新年度が始まり、会社や学校に“自転車で通うことになった”という人もいるかもしれない。警視庁のデータによると自転車に関連する事故は、2016年から2022年にかけて増加傾向にあり、なかには多額の損害賠償が請求された事例もある。2013年には、自転車に乗っていた小学生が、60代女性と衝突する事故で後遺障害を負わせたとして「9521万円」の損害賠償が発生している。
こういった自転車事故による損害賠償に備えることを目的として、自転車保険の加入を促す自治体が増加している。自転車事故にはどのような保険で備えるべきなのか、解説していこう。
全国で自転車保険の加入義務化が進む
自転車事故による損害賠償が高額になることを問題視した国土交通省は、2019年に全国の自治体へ自転車保険への加入を条例で義務付けることを要請した。その成果もあり、2023年4月1日時点において、32の都道府県が自転車保険の加入を義務化し、10の都道府県が努力義務として加入を促している。自転車保険の加入義務化は全国的に進んでいるともいえるだろう。
もっとも、自転車保険への加入を義務化する自治体が増える一方で、未加入者に対する罰則は設けられていない。あくまでも自転車保険の必要性を訴えたうえで、加入するかどうかは、運転者に委ねられているのが実情だ。
すでに加入している保険でカバーされている場合も
自転車事故による損害賠償をカバーできる火災保険や個人賠償保険に加入している場合は、基本的には新たに自転車保険へ加入する必要はない。ただし、後述する補償額や補償内容を確認のうえ、必要に応じて加入を検討するべきだろう。

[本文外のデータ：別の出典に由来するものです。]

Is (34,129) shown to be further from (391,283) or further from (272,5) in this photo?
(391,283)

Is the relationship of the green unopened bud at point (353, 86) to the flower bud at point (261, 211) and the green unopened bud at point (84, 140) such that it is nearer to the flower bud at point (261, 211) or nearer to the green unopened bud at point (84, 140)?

自転車保険や火災保険、個人賠償保険などの損害保険は、実損額を補償するという特徴がある。そのため、加入している保険が多いからといって保険金額が大きくなるわけではない。例えば、自転車事故によって1000万円の損害賠償が請求された場合に、補償金額が3000万円の自転車保険と、2000万円の個人賠償保険に加入していても、支払われる保険金は1000万円になる。